EuglenaShells: morphable, modular and reusable metasurfaces inspired by the active envelope of Euglena cells

Surface morphing is difficult because of Gauss’ Egregium Theorem, by which changes in Gaussian curvature require in-plane stretching/shearing [1]. This theorem is also at the root of geometric rigidity of curved shells. Thus, a surface with adaptable in-plane deformability may switch between rigidity and malleability. Here, we develop a novel concept for Gaussian morphing, EuglenaShells, inspired by Euglena cells. EuglenaShells are metasurfaces made of parallel slidable strips, which morph by sliding patterns between strips [2,3]. In existing morphable metasurfaces, sub-units (strut-joint lattices, swelling/pneumatic domains, origami/kirigami motifs) eventually lock, limiting the extent of morphing. Specific transformations require custom designs, hindering reusability and control of mechanics.

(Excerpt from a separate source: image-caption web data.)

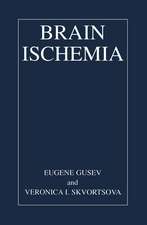 Brain Ischemia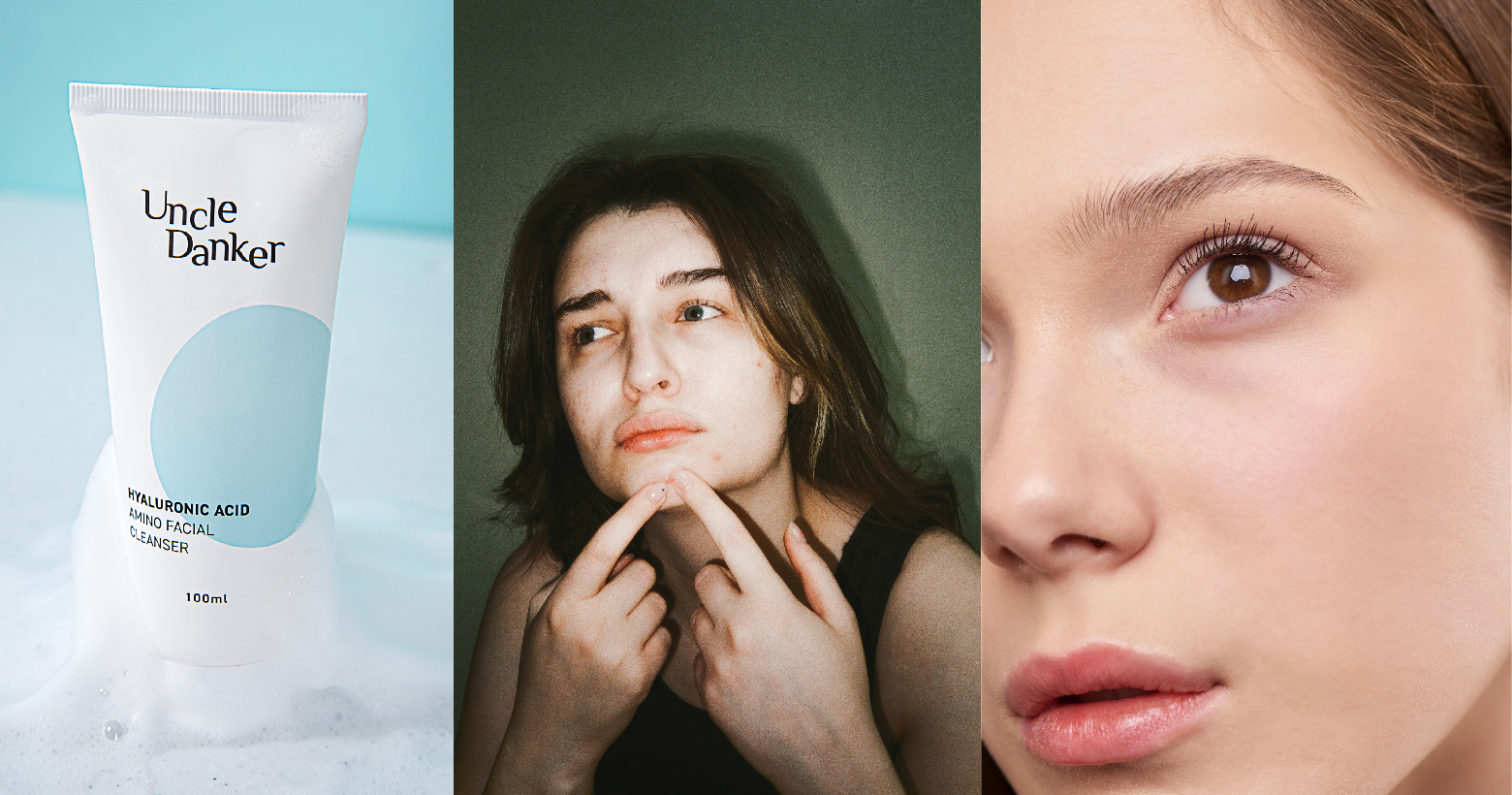 生理痘怎麼辦？經期3階段荷爾蒙變化與保養對策！胺基酸洗面乳推薦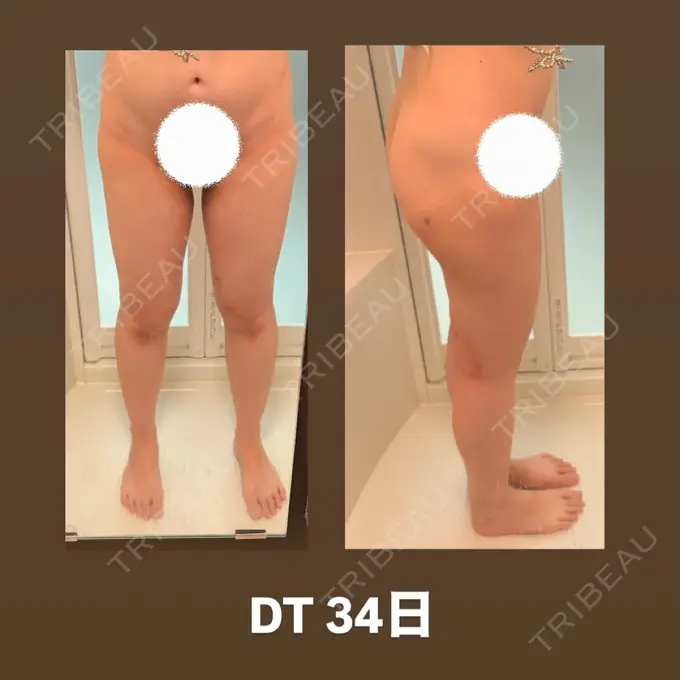 脂肪吸引（脚） 水の森美容クリニック 東京銀座院 AFTER メイン用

EuglenaShells largely overcome these limitations. Sliding being unlimited, EuglenaShells show extreme morphing compatible with small strains in the slender sub-units. They are modular, reusable, and have tuneable mechanical properties (fluid, plastic, elastic, rigid) depending on the sliding interactions. These features of EuglenaShells will be illustrated with computer simulations and physical realizations at different scales.



[1] Klein, Efrati, Sharon, Science 315, 1116–1120 (2007).

[2] Arroyo, DeSimone, J. Mech Phys Solids 62, 99–112 (2014).

[3] Noselli, Beran, Arroyo, DeSimone, Nature Physics 15, 496-502 (2019).